Found this while surfing out of boredom... the accompanying video explains that police had arrested alleged serial killer Rodney Alcala' s locker which he rented shortly before being arrested. 
Now police feel that these photos may help solve cold cases as far back as the 1960's ... scroll down the photos. Who knows you may recognize someone that had turned up missing and can provide police with helpful clues to bring closure to perhaps dozens of unsolved disappearances and murders.
Check it out.
http://www.dont-panic.co.uk/100-photos-found-in-serial-killers-locker/


----------



## seasoned (Jul 13, 2010)

Very educational. As I looked at all the pictures I felt sick knowing that they could all be potential victims. It is very sad how low as a race some can go to satisfy their sickness.


----------



## Xue Sheng (Jul 13, 2010)

seasoned said:


> Very educational. As I looked at all the pictures I felt sick knowing that they could all be potential victims. It is very sad how low as a race some can go to satisfy their sickness.


 
It sickens me as well that I could be looking at victims.

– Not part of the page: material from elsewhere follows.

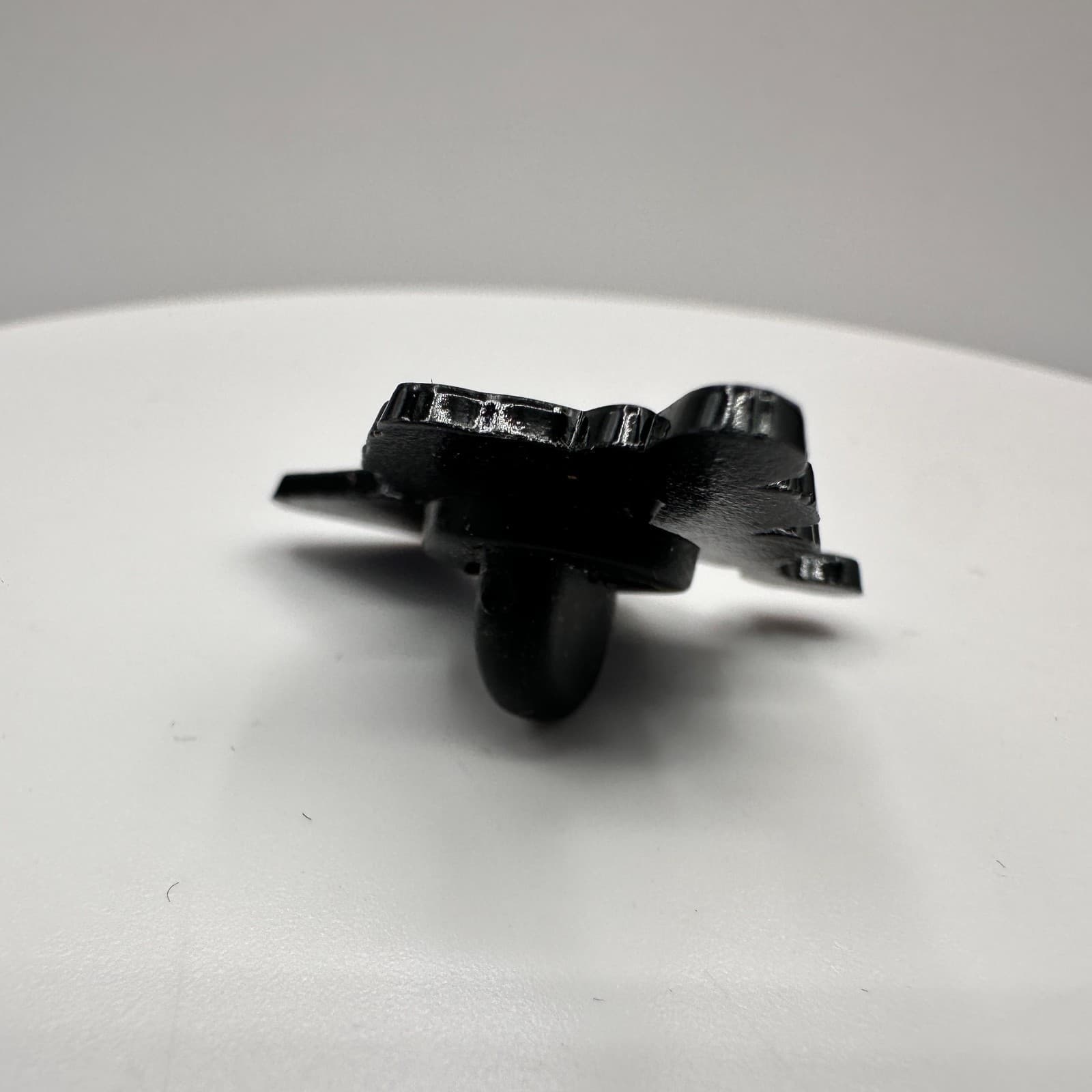 Vintage 90s Spongebob With The Krusty Krab Pizza Enamel Lapel Pin Jewelry - Thumbnail 3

At least Rodney Alcala was stopped, convicted and sentenced to death in 2010.


----------



## MA-Caver (Jul 13, 2010)

Xue Sheng said:


> It sickens me as well that I could be looking at victims.
> 
> At least Rodney Alcala was stopped, convicted and sentenced to death in 2010.

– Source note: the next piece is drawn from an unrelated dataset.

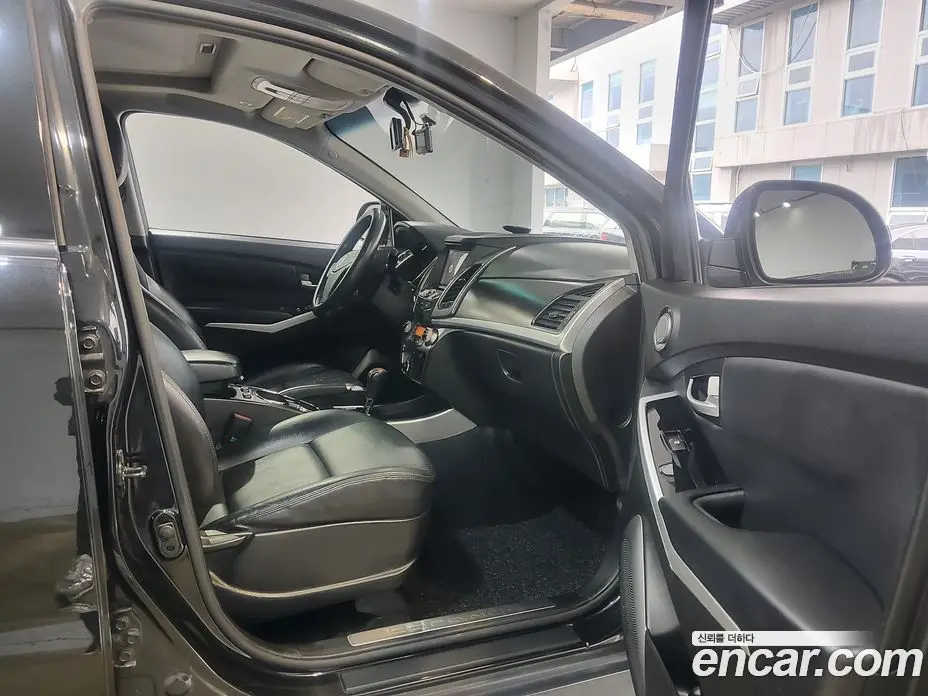 SsangYong Korando 2014 2.0 автомат (гидро), фото 20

Provided that there isn't any b.s. stays of executions or appeal delays or any other sort of that legality nonsense that allows justice to be trodden underfoot. 

Hopefully he will cooperate and point out which of those he had killed among that collection. 
I noticed quite a few were cut off at the shoulders indicating that they were nude pics and he somehow convinced the girls/women to pose nude for him, they not realizing that they probably pulled the trigger on his demented mind and got his wheels spinning which enabled him to go into killer mode. The others, particularly that toddler (which was photographed several times) was the most heart breaking for me to think that he might've bent his warped attention to the child. 

Remember if anyone of those people in the pics look familiar please contact the police and let them know. You can probably do it anonymously. There are dozens of families probably looking for closure on their missing loved ones.


----------